The facility is ADA compliant, equipped with elevators and nestled in Margaret T. Hance Park. The park is also handicap accessible.
Girl Scouts-Arizona Cactus-Pine Council, Inc.:
Girl Scout programs are fully inclusive. Not only do they allow non-registered Girl Scouts to attend many programs but they include opportunities for children with special needs, as well.
“Our goal is for all girls, regardless of their special needs, to be able to learn and grow from Girl Scout activities. This may require that ‘adaptions’ are made to Girl Scout activities,” says Leandra Huffer, public relations and communications coordinator for Girl Scouts–Arizona Cactus-Pine Council, Inc.
Abby Prosnier, an ambassador in Troop 653, has been successful with Girl Scouts. Born with Down syndrome, she adapted to Girl Scout traditions by utilizing other skills. In fact, when she first began selling Girl Scout cookies, she used sign language to communicate with customers. In subsequent years she used a computer that would speak to customers for her before gaining the confidence to speak with them directly.

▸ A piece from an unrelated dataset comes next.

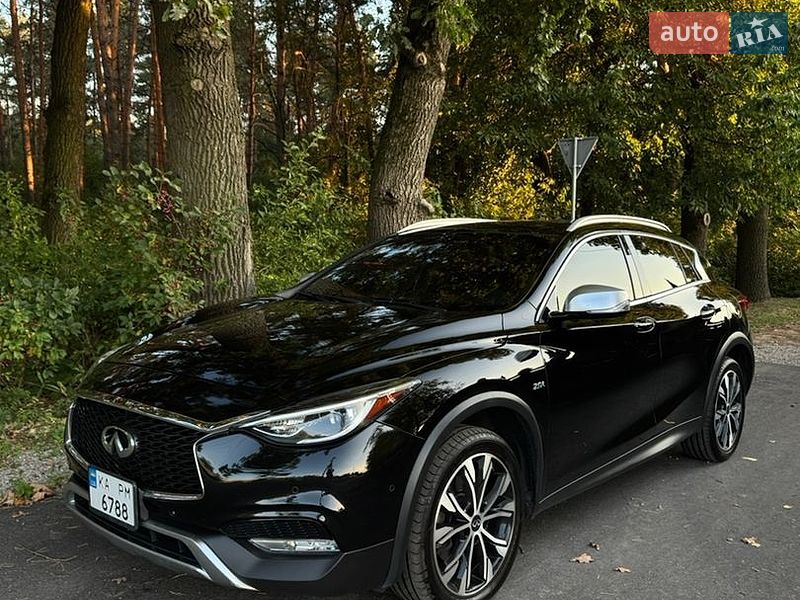 Фото Infiniti QX30 з оголошення AUTO.RIA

“In the 2011 Cookie Program, Abby was the overall top cookie seller in the council, selling 4,442 boxes of cookies,” Huffer shares. “In 2014, Abby sold enough cookies to earn a beach cruiser, which she gifted to her older sister. Today, Abby is still excelling in Girl Scouts!”
Huffer says Girl Scouts offers the same benefits to all of its members, regardless of needs. All girls who attend can build confidence and courage while learning leadership skills in a girl-led environment. Girls with special needs can take part in this community, which Huffer says offers a safe and accepting space.

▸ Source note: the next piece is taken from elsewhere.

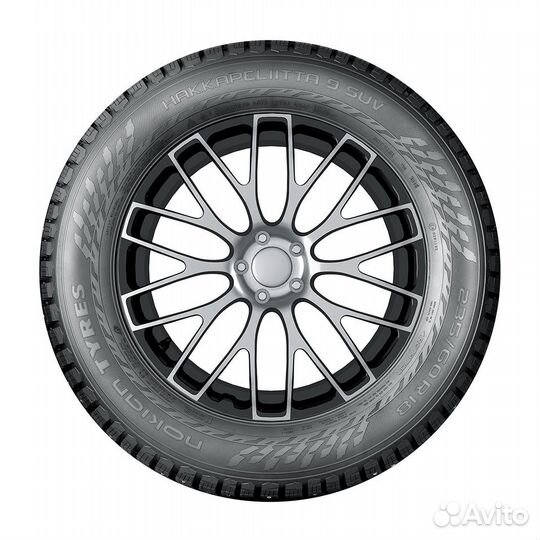 Nokian Tyres Hakkapeliitta 9 SUV 235/45 R19 99T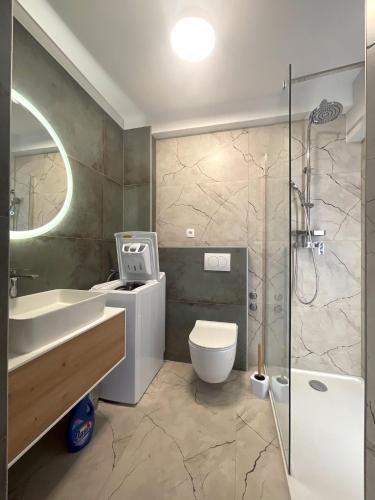 Ένα μπάνιο στο Seaside Murter Apartments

“Our summer camp staff and program delivery specialists are trained to take each girls needs into account before beginning a program,” Huffer says. “We train troop leaders to embrace inclusion and diversity within their troops.”
The Maryvale YMCA offers a program called Miracle League specially designed for children with special needs. The school-year program includes swim parties and adaptive baseball. YMCA also welcomes other local organizations aimed at serving individuals with disabilities to use their facilities. The NW Valley YMCA will offer a summer camp program to continue special needs activities during the summer months.

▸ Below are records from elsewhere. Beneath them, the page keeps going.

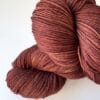 Semi solid superwash Merino garen. Melkchocolade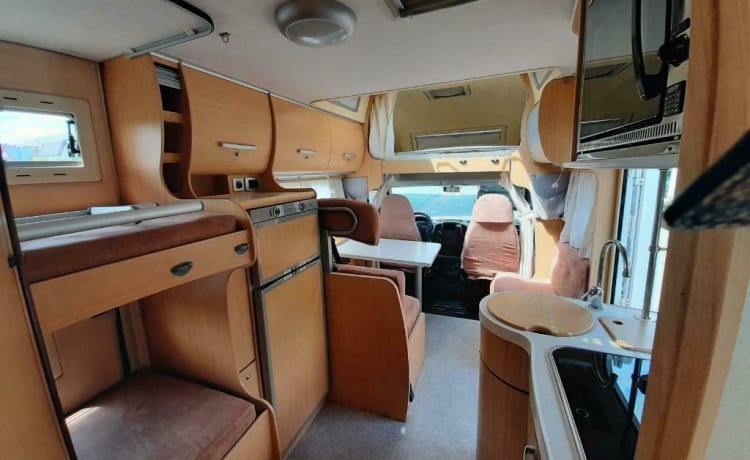 Camper 5 – Camper 5 - Fiat Ducato - Der ideale Familiencamper mit 2 Etagenbetten.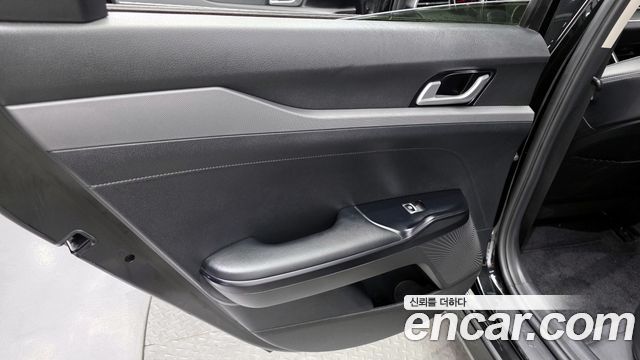 Kia K5 2021 — photo 15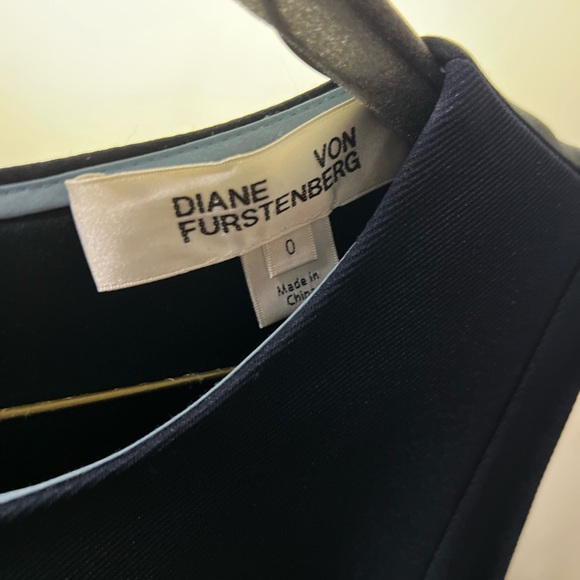 Diane Von Furstenberg Navy A-Line Dress with Pockets! - Picture 4 of 5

In addition to Miracle League, the YMCA welcomes all children to use their facilities and participate in their programs, including sports. The YMCA also has a resource center available for children to do homework and study. “We at the YMCA want everyone to be involved in what the YMCA has to offer from developing youth, teaching healthy habits and physical fitness,” says Kelly Shingleton, the senior business and program director at Maryvale Family YMCA. “The YMCA is a community where no one is turned down.”
More than 100 children with physical or developmental disabilities participate in Miracle League. An additional 30-50 are served during summer field trips. “The YMCA benefits youth and adults with disabilities by teaching them how to play a sport, they become a part of a team and a community, and developing cognitively and physically,” Shingleton adds.
KEEN Phoenix is a volunteer-led nonprofit that offers free recreational programs for children and young adults with developmental and physical disabilities. During summer months, there are swim and play activities every Saturday at either the Valley of the Sun Jewish Community Center (VOSJCC) in Scottsdale or the City of Tempe’s Escalante Center. There is also a day camp that pays homage to the Jewish heritage, dubbed Ometz, which is Hebrew for courage, and is also held at VOSJCC.
The camp, which was started last year, offers activities that enhance social, motor, language and other vital life skills for children ages 5-13 with mild to moderate disabilities. Community-based fieldtrips and traditional summer camp activities are offered to groups based on their age and skill level.
“The Jewish Community Center provides us with a fun and safe space for our athletes,” said Coach Alex Sachs, program director at KEEN Phoenix.
While enhancing skills for athletes through adaptive programs, KEEN Phoenix also places an emphasis on promoting greater independence.
“We having a growing participation of special needs because we provide them the ability to be kids and play with their peers in a one to one ratio,” Sachs says. “Our athletes have individualized attention and also get to have group experience all on their terms.”